Doit-on remettre en place le service militaire obligatoire en Allemagne ? Jusqu’à l’invasion russe de l’Ukraine, cette question semblait presque anachronique outre-Rhin. Mais depuis le retour de la guerre en Europe, elle s’est glissée au cœur des débats du Bundestag. Et dans les pages d’opinion des principaux journaux du pays.

Comme le remarque le journaliste de la Zeit Martin Machowecz, “aucune décision politique n’a été aussi populaire que celle prise par le Bundestag en mars 2011, à savoir la fin du service militaire obligatoire”. La mesure était à l’époque perçue par beaucoup comme une bonne nouvelle. “Les plus vieux se sont réjouis que leurs enfants et petits-enfants ne soient pas forcés d’y participer.
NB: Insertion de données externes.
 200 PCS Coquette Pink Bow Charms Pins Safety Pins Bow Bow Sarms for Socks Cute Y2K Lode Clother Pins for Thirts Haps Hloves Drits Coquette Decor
Et les enfants et petits-enfants se sont réjouis pour eux-mêmes : ils ne prendraient pas part à la guerre.”

Mais pour l’hebdomadaire de gauche, l’abandon de l’obligation de conscription a eu des effets désastreux sur la société allemande. “Cela a détruit encore davantage le lien qu’entretenaient les Allemands avec leur armée, un lien déjà très controversé, explique le titre. À cause de cette législation, les citoyens se sont mis à considérer la sécurité comme une prestation de service. Cela a entretenu l’illusion que l’on pouvait laisser la guerre aux professionnels et à ceux qui s’y connaissent.”

Renouer des liens avec la Bundeswehr

Le journal voit un lien de cause à effet entre l’état déplorable de la Bundeswehr et la fin du service militaire obligatoire. Il plaide donc pour le retour de ce genre d’initiative, mais de manière “plus libre et joyeuse”.

“Si le service militaire obligatoire était réintroduit, il devrait concerner tous les jeunes, y compris les femmes”, affirme-t-il, insistant sur l’importance d’ouvrir “le club d’hommes” qu’est actuellement l’armée. Il pourrait ne durer que six mois, l’important étant d’intégrer à nouveau la Bundeswehr au quotidien de presque toutes les familles allemandes.

Avec un service militaire obligatoire universel – et son alternative civile –, les jeunes Allemands pourraient réfléchir plus longuement aux causes défendues par leur armée. Surtout, ils seraient prêts en cas d’éventuelles attaques, alors que la guerre est de nouveau proche, conclut Martin Machowecz :

“Rétablir le service militaire, c’est envoyer un message. Nous aussi, nous sommes prêts à nous battre, corps et âme, en cas d’urgence.”